-- Exercise --
Using the data below, transcribe exactly everything from the line that contains "Biện pháp khắc phục bệnh vẩy nến" down to the line that contains "IHC staining of". Include both of those lines and none of the pictures.

-- Records for processing --

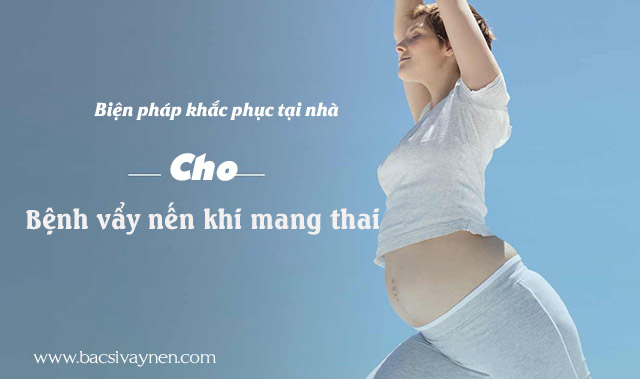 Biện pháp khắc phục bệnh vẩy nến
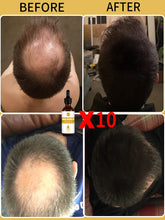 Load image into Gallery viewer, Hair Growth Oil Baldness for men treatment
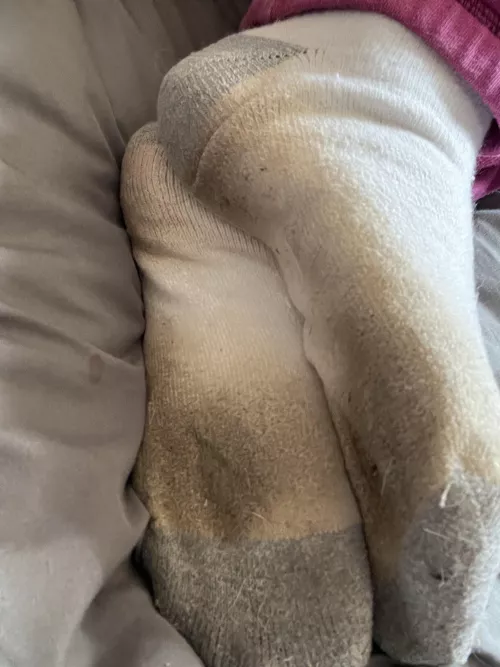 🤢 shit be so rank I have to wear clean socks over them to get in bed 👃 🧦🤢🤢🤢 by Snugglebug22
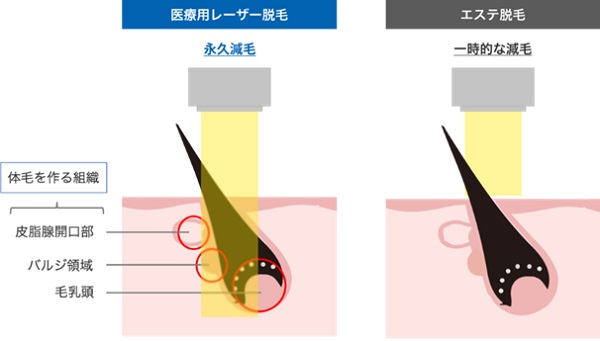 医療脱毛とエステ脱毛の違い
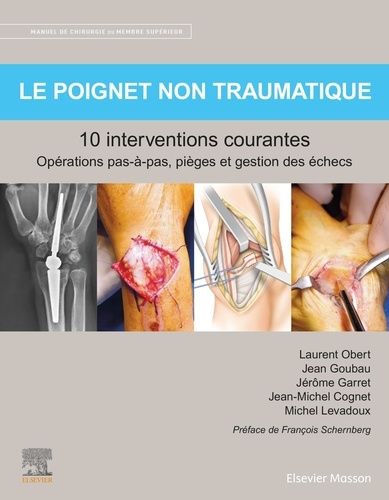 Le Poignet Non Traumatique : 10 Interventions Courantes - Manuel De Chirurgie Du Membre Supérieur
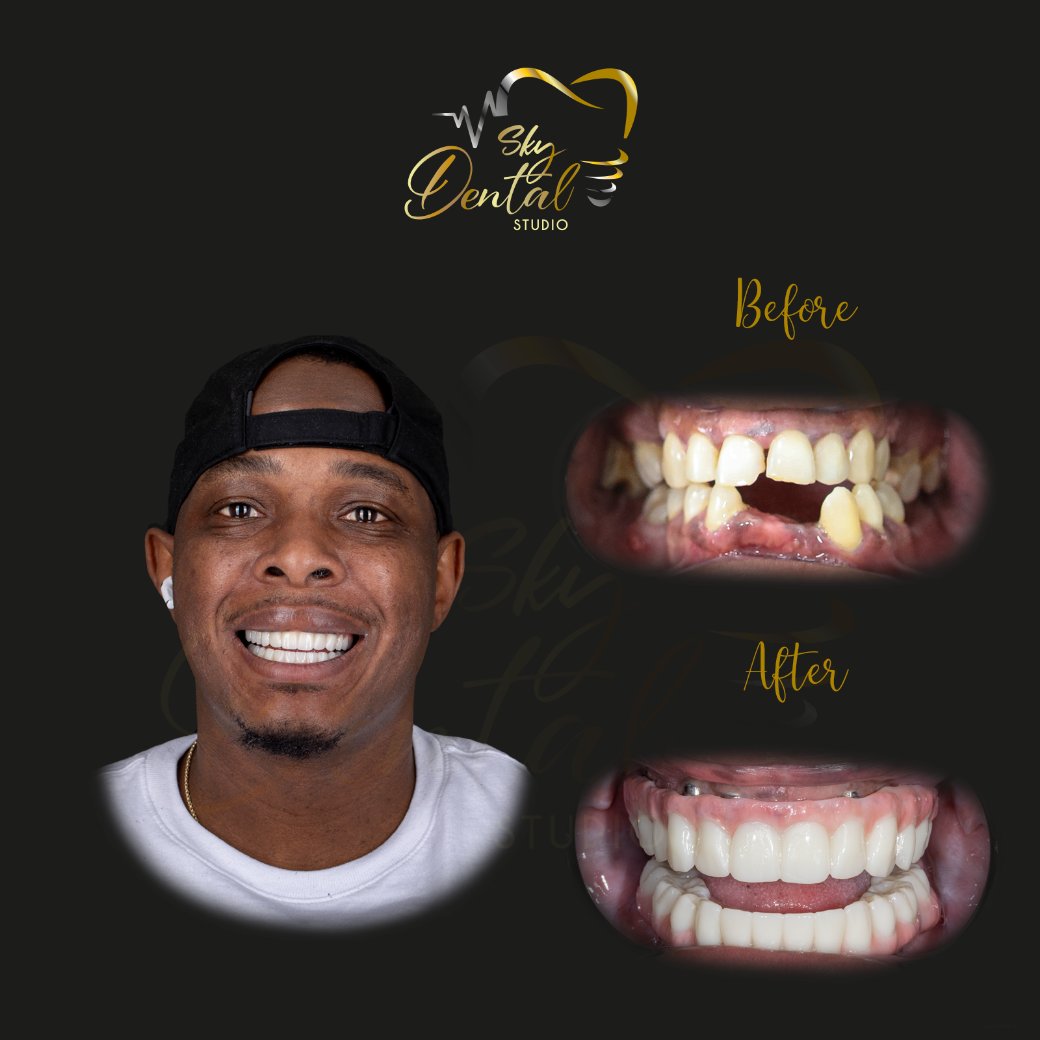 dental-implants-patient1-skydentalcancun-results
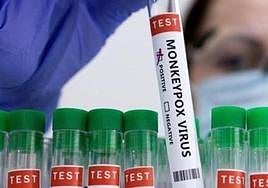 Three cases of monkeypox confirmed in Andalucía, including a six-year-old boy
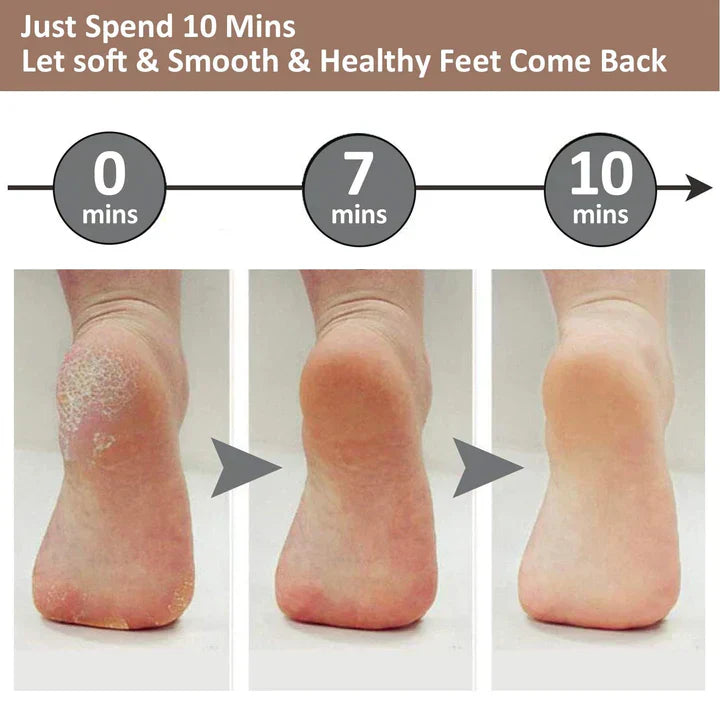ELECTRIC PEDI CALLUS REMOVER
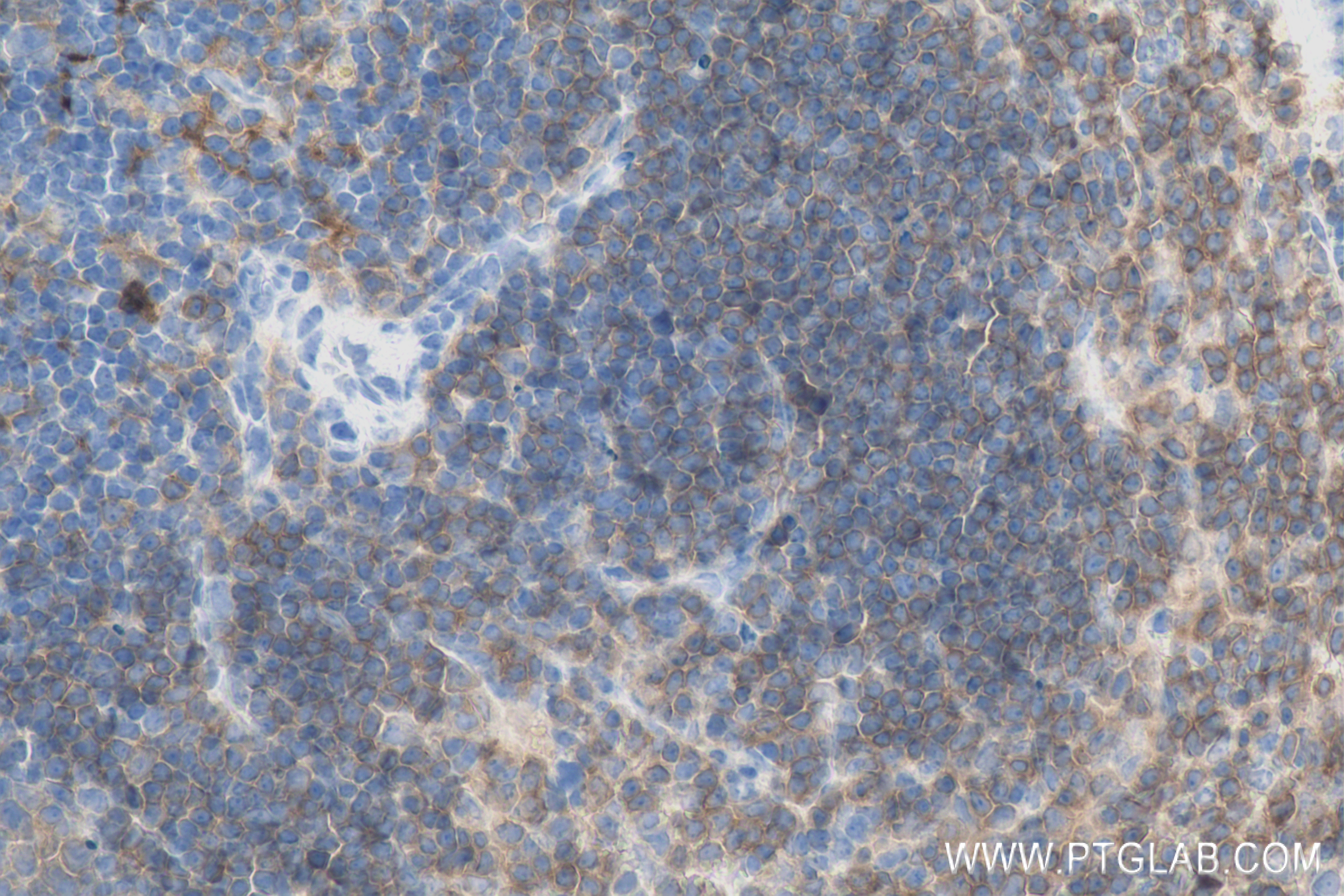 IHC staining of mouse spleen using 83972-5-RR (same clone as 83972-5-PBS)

==

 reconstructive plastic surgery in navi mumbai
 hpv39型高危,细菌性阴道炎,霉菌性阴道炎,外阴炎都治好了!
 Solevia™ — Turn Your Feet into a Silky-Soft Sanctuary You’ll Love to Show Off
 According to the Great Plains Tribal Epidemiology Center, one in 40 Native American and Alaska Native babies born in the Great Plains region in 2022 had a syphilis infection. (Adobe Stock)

* * *

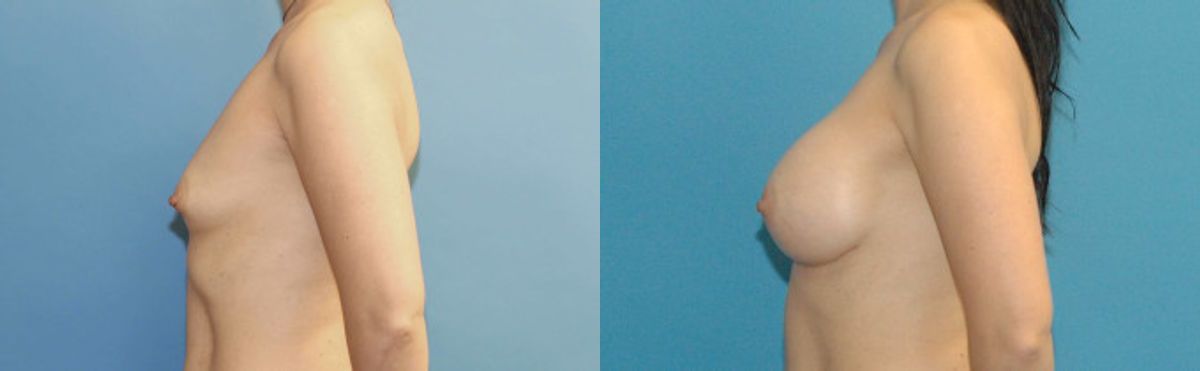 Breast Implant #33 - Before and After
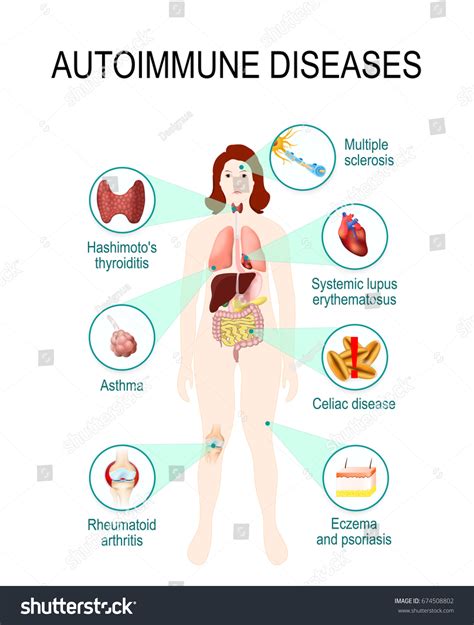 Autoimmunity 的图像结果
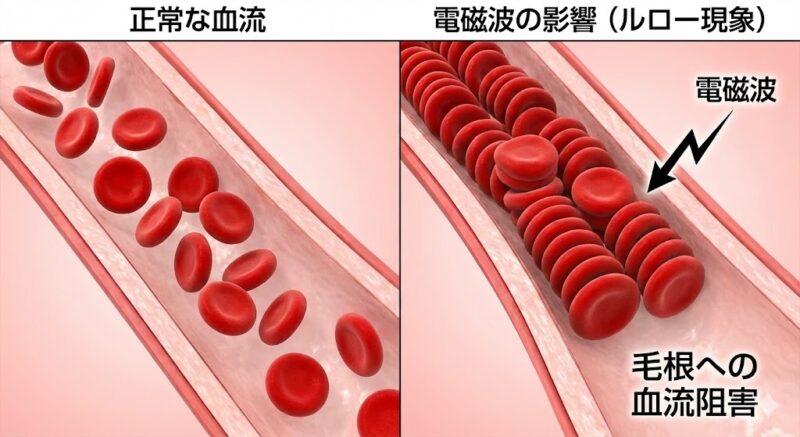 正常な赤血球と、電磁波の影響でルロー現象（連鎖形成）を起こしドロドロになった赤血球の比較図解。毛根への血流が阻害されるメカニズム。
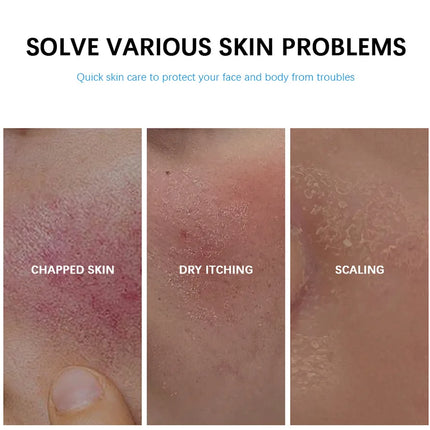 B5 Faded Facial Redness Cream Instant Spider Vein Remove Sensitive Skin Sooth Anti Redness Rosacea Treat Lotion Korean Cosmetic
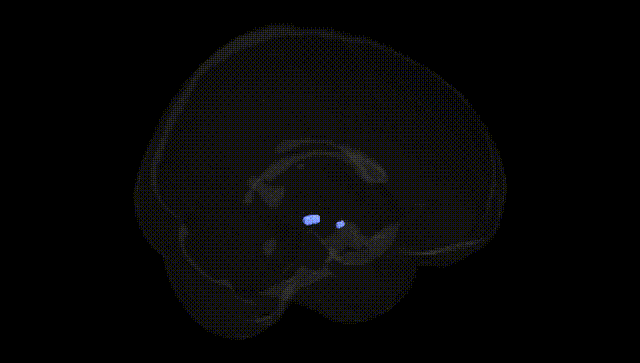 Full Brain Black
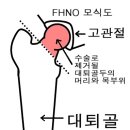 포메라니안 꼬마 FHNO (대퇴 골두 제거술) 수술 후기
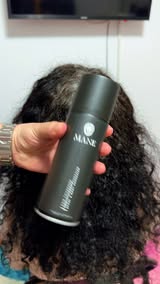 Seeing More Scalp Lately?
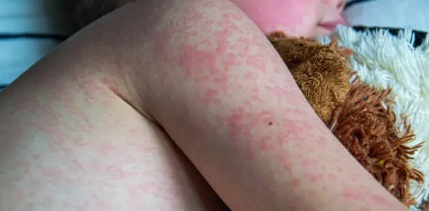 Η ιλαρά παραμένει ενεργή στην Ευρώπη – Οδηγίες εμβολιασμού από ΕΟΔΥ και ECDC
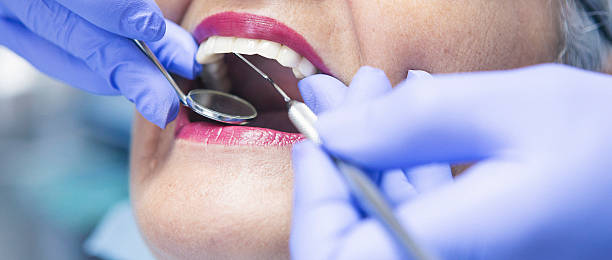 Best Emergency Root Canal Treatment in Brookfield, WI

-- Completed task --
 Biện pháp khắc phục bệnh vẩy nến
 Load image into Gallery viewer, Hair Growth Oil Baldness for men treatment
 🤢 shit be so rank I have to wear clean socks over them to get in bed 👃 🧦🤢🤢🤢 by Snugglebug22
 医療脱毛とエステ脱毛の違い
 Le Poignet Non Traumatique : 10 Interventions Courantes - Manuel De Chirurgie Du Membre Supérieur
 dental-implants-patient1-skydentalcancun-results
 Three cases of monkeypox confirmed in Andalucía, including a six-year-old boy
ELECTRIC PEDI CALLUS REMOVER
 IHC staining of mouse spleen using 83972-5-RR (same clone as 83972-5-PBS)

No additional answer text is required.